Wir bitten um ein Interview, doch die Bundesbehörde lehnt ab, verweist uns an das Paul-Ehrlich-Institut. Hier werden bleibende Impfschäden registriert und bewertet.

In einer Stellungnahme räumt das Institut ein: In klinischen Studien seien unerwünschte Ereignisse aufgeführt. Diese könnten auch ein schweres Ausmaß annehmen.

Doch warum steht das so nicht in der Broschüre? Warum werden Nebenwirkungen verschwiegen?

Wir fragen Jörg Schaaber von Bukopharma, einer unabhängigen Organisation, die sich mit dem Einfluß der Pharmalobby beschäftigt. Für ihn gibt es zwei wichtige Gründe:

Jörg Schaaber

Jörg Schaaber

O-Ton, Jörg Schaaber, Bukopharma:

"Zum einen, dass man über Impfung lieber nichts Kritisches sagen kann, dass das ein Tabu ist. Der zweite Punkt in meinen Augen ist, es herrscht einfach in Europa und auch den USA eine sehr pharmafreundliche Stimmung und die Behörden stehen teilweise mit dem Rücken an der Wand. Und das hat natürlich auch mit der Politik zu tun."

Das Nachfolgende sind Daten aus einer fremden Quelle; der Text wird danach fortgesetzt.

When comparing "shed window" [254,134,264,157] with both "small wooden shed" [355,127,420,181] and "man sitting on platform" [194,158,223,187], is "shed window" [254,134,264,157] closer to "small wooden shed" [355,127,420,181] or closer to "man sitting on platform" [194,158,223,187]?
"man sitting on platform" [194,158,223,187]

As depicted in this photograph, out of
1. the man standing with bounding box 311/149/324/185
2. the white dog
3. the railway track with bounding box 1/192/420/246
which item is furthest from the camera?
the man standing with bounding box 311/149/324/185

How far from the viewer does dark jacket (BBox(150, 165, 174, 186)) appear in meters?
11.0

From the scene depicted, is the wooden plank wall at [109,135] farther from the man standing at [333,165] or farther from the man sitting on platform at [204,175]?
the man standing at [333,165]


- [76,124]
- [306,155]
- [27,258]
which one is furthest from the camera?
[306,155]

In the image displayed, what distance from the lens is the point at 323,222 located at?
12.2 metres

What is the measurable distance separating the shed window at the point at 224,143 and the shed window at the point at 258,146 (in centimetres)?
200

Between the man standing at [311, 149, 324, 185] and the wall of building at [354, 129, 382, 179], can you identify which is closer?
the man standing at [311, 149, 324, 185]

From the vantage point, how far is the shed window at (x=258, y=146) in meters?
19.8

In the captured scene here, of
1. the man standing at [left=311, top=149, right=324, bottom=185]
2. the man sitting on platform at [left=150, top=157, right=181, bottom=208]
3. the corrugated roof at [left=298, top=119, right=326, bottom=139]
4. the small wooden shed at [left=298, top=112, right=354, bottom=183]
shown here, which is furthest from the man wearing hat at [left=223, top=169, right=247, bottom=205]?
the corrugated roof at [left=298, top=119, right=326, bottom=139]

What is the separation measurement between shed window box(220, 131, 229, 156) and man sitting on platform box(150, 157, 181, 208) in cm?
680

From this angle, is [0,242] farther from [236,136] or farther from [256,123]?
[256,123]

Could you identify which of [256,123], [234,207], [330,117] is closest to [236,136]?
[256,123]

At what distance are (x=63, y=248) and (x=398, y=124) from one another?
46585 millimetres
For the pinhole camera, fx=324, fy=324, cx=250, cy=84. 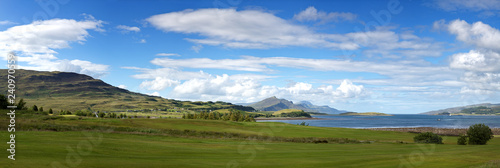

Auch der Mediziner Klaus Hartmann sieht die Politik in der Mitverantwortung. Er ist Gerichtsgutachter zu Impfschäden und hat zehn Jahre lang im Paul-Ehrlich-Institut gearbeitet.

Dr. Klaus Hartmann

Dr. Klaus Hartmann

O-Ton, Dr. Klaus Hartmann, Impfgutachter:

"Das ist so ein, so ein Schutz des Impfgedankens an sich. Das Gesundheitsministerium auch in Berlin ist der Meinung, je mehr geimpft wird, desto besser funktioniert unser Gesundheitssystem. Und so versucht man im Prinzip, dieses Nebenwirkungsproblem klein zu halten."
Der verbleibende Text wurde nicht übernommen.